Friday 27 July 2012

INFORMATION MANAGEMENT RESOURCE KIT (IMARK)

Introduction


The Information Management Resource Kit (IMARK) has been developed by the Food and Agriculture Organization (FAO) of the United Nations in partnership with other agencies and institutions with the common goal of strengthening information management and exchange in agencies, institutions and networks world-wide, allowing them to work together more effectively.


IMARK comprises of a series of e-learning modules and the 6th one being “Web 2.0 and Social Media for Development”. This course provides an overview of the basic concepts behind Web 2.0, social media, user generated content and social networking.

Structure & Workload


The total curriculum consists of 11 lessons, grouped into two units:


(i) SOCIAL MEDIA FOR DEVELOPMENT


Lesson 1.1: Introduction to Web 2.0 and Social Media

Lesson 1.2: Social Networking Sites and Communities

Lesson 1.3: Privacy, Intellectual Property and access to Social media

Lesson 1.4: Current Issues and New Ideas


(ii) SOCIAL MEDIA TOOLS AND SERVICES


Lesson 2.1: Group Productivity and Collaboration Tools

Lesson 2.2: Hosted Services

Lesson 2.3: Subscriptions, Feeds and Syndication

Lesson 2.4: Tagging and Social Bookmarking

Lesson 2.5: Blogging and Microblogging

Lesson 2.6: Online Video and Image Sharing

Lesson 2.7: Podcasting and Online Radio


Each lesson achieves a specific set of learning objectives, using interactive step-by-step instructions and exercises which help reinforce what is being taught.


Contributing Organisations


The course curriculum was designed and developed by experts and institutions from an internationally widespread community.

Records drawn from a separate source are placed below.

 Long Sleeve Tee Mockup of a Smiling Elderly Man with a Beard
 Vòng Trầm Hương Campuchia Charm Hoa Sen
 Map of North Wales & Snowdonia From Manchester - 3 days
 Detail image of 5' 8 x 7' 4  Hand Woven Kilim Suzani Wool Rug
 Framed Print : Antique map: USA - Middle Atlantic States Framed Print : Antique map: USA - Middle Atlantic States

The main contributors and authors are from the following Organizations:

Authors, expert reviewers and contributors for this course include the following individuals:


Authors: Lena Zuniga, Nancy White

Reviewers: Gauri Salokhe, Nancy White

Instructional Designer: Fabiola Franco

Courseware Development Team: Dominica Baniak, Peter Bruggeling, Vittoria Gliddon Ercolani, Massimiliano Martino


System Requirements


Hardware:

A personal computer with: Pentium I or equivalent processor; 64 Mb RAM (128 Mb is strongly recommended), and 800x600 screen resolution with 16-bit colour depth.


Software:

Windows 98 or above; Acrobat PDF reader version 4.0 or later; and Mozilla Firefox 1.0 or later, Netscape version 4.0 or later, or Internet Explorer version 4.0 or later. 

SUMMARY OF LESSONS CONTENTS:


Unit 1: Social Media for Development 

  Lesson 1.1: Introduction to Web 2.0 & Social Media


Since web technology started to transform from complex coding to relatively simple and easy to use web-based tools for user-generated content and information publishing, it has become easier to connect, interact and collaborate with more people online and build up social networks.

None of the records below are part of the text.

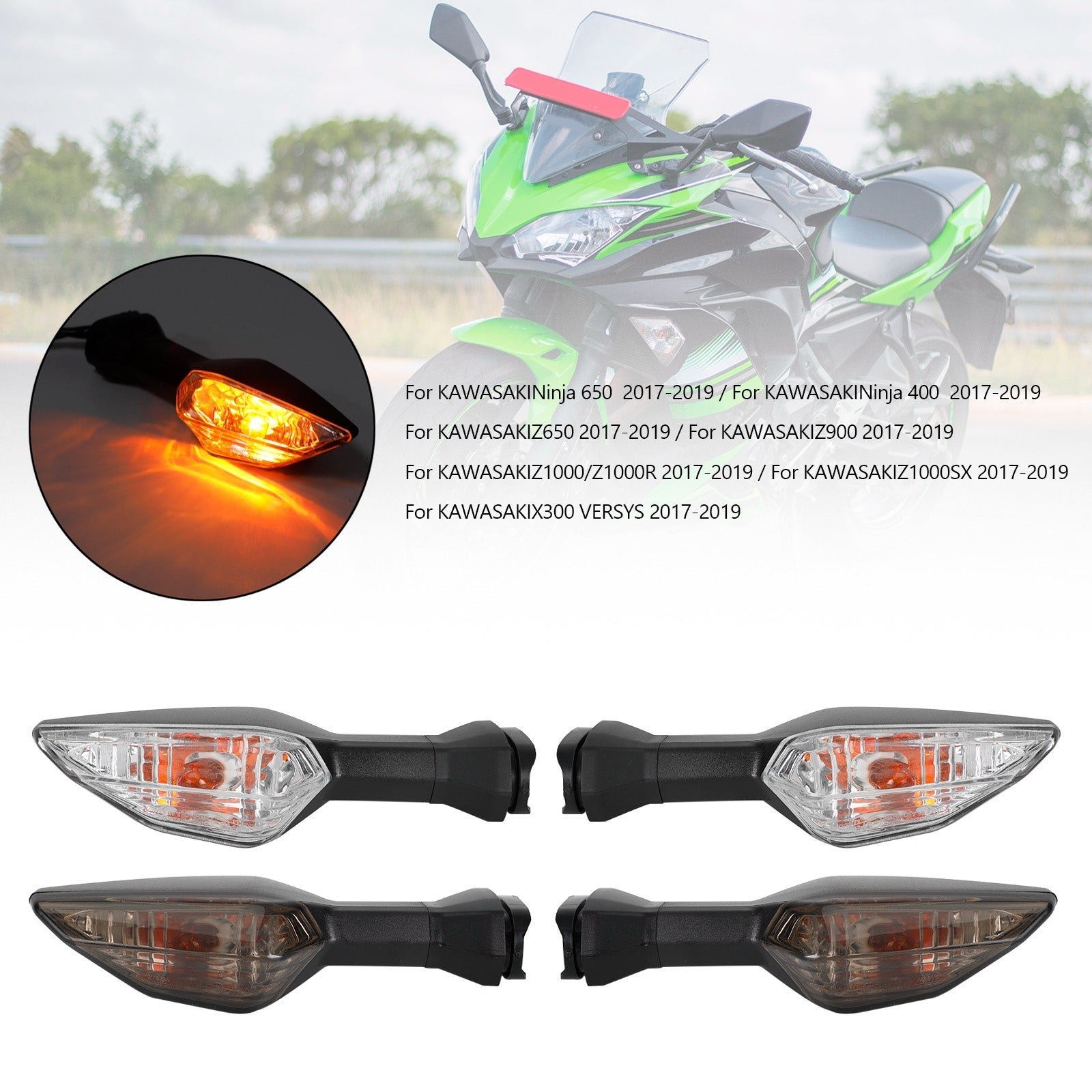 2017-2019 Kawasaki Ninja 650 400 Luz indicadora de señal de giro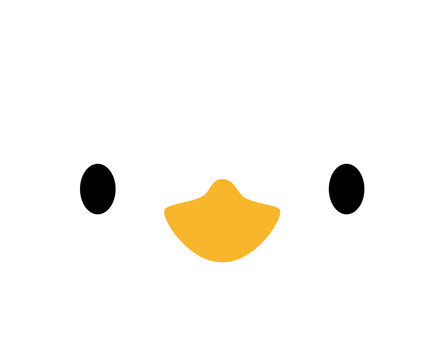 Cute Flat Vector Duck Face Icon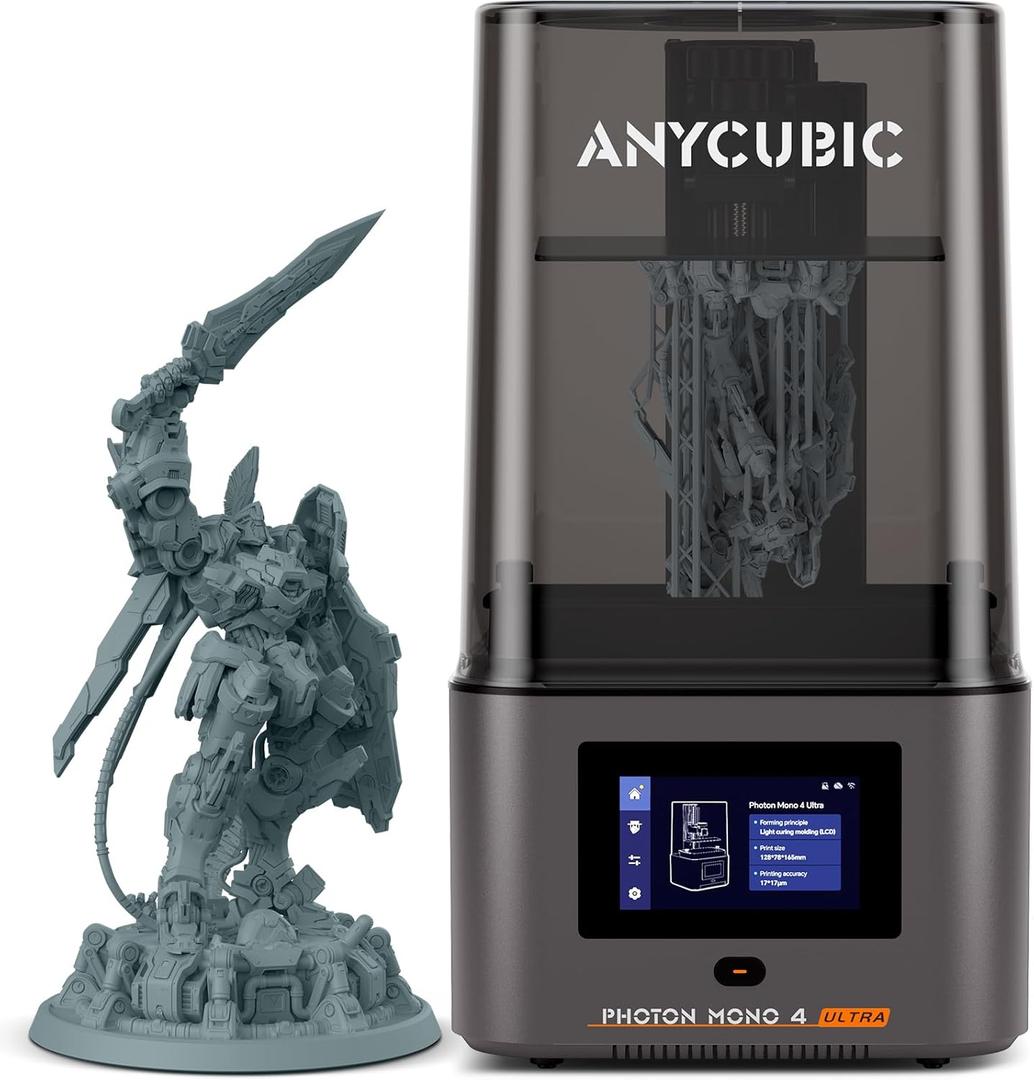 ANYCUBIC 10K Resin 3D Printer, Photon Mono 4 LCD 3D Printer with 7-inch Mono Screen, Upgraded LighTurbo Matrix and Printing Platform, Printing Size of 6.04''x3.42''x6.49''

These tools are often called “social media” which helps us to work in 4 broad areas:
  • Connect and interact with other people or groups via social networks;
  • Collaborate and do things with other people even remotely;
  • Create and share content; and
  • Find, use, organise and reuse content. 

 

Lesson 1.2: Social Networking Sites & Communities


While social media allow members to create multiple connections to others, communicate with other people and easily create and share information, a specific sub-group has been derived from social media and this sub-group concerns the social networking tools which allow people to create profiles, search for people with similar interests and interact. Communities are thus formed when a group of people find and connect to each other and continue to interact over time.

Social networking sites e.g. MySpace, Facebook, LinkedIn, Flickr, enable users to create public profiles within a Web site and form relationships with other users who access their profile information. Interactions occur via chat rooms, message boards, blogs, video, file sharing, email messages etc.

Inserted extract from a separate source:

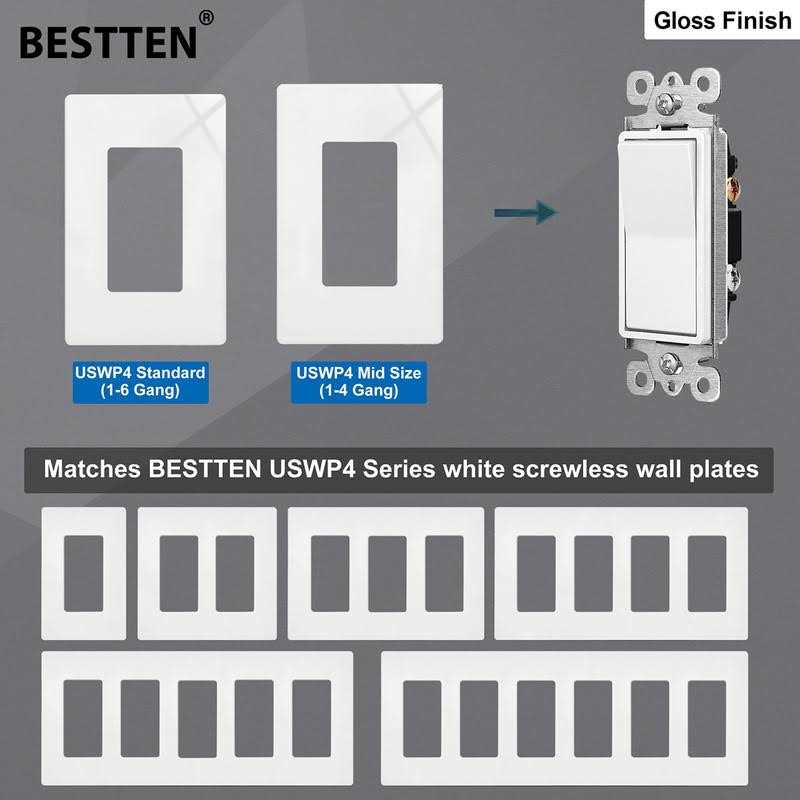 BESTTEN Single Pole Decorator Wall Light Switch with Wallplate, 15A 120/277V, On/Off Rocker Paddle Interrupter for LED and Other Lamps - Cheap Fitting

Lesson 1.3: Privacy, Intellectual Property & Access to Social Media


Social media, though advantageous in many ways including enhanced communication, easy content creation and distribution and wide variety of information accessed, poses some issues and challenges around its usage: 
  • privacy and security of data and information
  • intellectual property rights and its legal and technical implications
Software and content on the web have 3 main conditions/models under which they are licensed: public domain, Creative Common licenses, Free/Open Source Software.


Not all information found on the web is reliable, since much of the content has been authored by people who are interested in a topic, but who may not have done a lot of research or fact checking.

Access to hardware and media devices, and broadband connectivity are important for suitable use of Web 2.0 tools and social networking sites.

Lesson 1.4: Current Issues and New Ideas


Social media services and how they work are evolving rapidly on the web. New tools and technology and new uses and features of social media are being discovered.

Current examples include the adaptation by social media sites for mobile use, adding geographical information through Geotagging and creating data maps, facilitating collaborative translation and broadcasting of content through appropriate interfaces and functionality to other parts of the world.


Web 3.0 is at our doorstep already, and is characterized by its ease to use, it being more integrated with the real world, more intuitive and “smarter” in order to accommodate the users’ needs; and also networks will be directly controlled by users using simple devices and accessible technology.


UNIT 2: SOCIAL MEDIA TOOLS AND SERVICES

 

Lesson 2.1: Group Productivity and Collaboration Tools


Besides being the place for accessing information and resources, web 2.0 also allows enhanced collaboration and communication from simple one-to-one email to advanced tools for working in distributed groups.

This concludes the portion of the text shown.